Aeri didn't lie—not about herself anyway. Once she was nothing too, a girl without title or name stuck in the lower district ruins like everyone else, another voice the elites ignored. She knew hunger in ways elites never would, exhaustion they couldn't imagine, the ache of a body sustained by too little food for too long.
And most of all, she knew hate. The kind that burned, that turned people into monsters. The kind that made her watch neighbors disappear overnight. The kind that made her witness security forces tear through slums with batons and boots, leaving those who dared fight back nearly dead in the streets as warnings they never forgot.
Aeri had sworn never to be one of those victims. Yet here she stood in the heart of the system she once cursed.
Hypocrite. Many would call her that if they knew. And if she's honest with herself, she knows it too.
She understood the game better than anyone. She studied the rules, their moves and tactics, learned their language. She adapted until they no longer saw her as a threat—but as an ally. They welcomed her, praised and feared her.
She wasn't a politician, soldier, or silk-dressed puppet. Just someone wearing a perfectly sculpted mask she could no longer remove.
She still remembered cold nights in slums, the metallic taste of blood after fighting for bread, hunger twisting her stomach. She hated those memories. She hated them too—the ones in their towers and mansions, smiling as the world below drowned in cruelty.
But she wasn't a fool. She'd seen what happened to others who tried to tear down the system with bare hands and desperation. They didn't change the world. They disappeared.
Aeri played the long game. Let them believe she'd abandoned the ruins, that she no longer cared. She took the last seat at their table, listened, learned. She worked within the system, bending it as far as possible, pushing limits—slipping small, unnoticed changes that weren't enough to make a real difference, but helped a little. It was survival.
Then came a rebel with fire in her eyes, a ghost of everything Aeri tried to forget. A problem. The type who never lasted long.
Aeri should've minded her business. Should've ignored her. Let security erase her like the others. She shouldn't have watched, lingered, or cared.
The air in the ruined district was thick with silence and smoke. Aeri tasted it—acrid and bitter, mixing with the stale lower city air. Security forces had struck again, their version of justice the elites pretended was necessary.
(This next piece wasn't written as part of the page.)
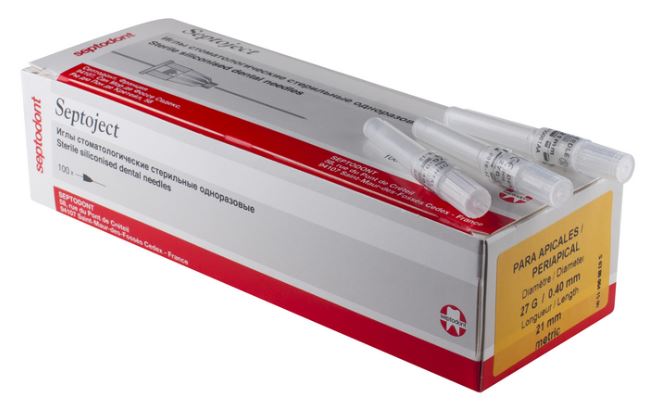 картинка Иглы карпульные Септоджект - Septoject (100 шт.), Septodont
She told herself she only came to observe. Then she saw her—a shadow slipping through cracks with practiced ease. A glimpse of determination, the glare of someone with nothing left to lose. Like Aeri once was.
Recognition flickered in Aeri's eyes. She should've left, but ignored every warning scream in her mind. She followed.
The moment their eyes met, Aeri saw it all—pure, unfiltered hatred directed at her like a blade. She'd seen that look before, in her own reflection too many times to count.
That's what made it so damn funny. In this rebel's eyes, Aeri was just another piece of the system, another liability.
A faint, ghostly smile curved Aeri's lips—something she couldn't let show.
She took another step toward someone she should have reported for elimination.
"You're making a mistake," Aeri murmured, voice quiet and measured. Not a threat—but a warning.
This rebel was playing a dangerous game. And it happened to be Aeri's favorite one—the one she'd spent her life learning.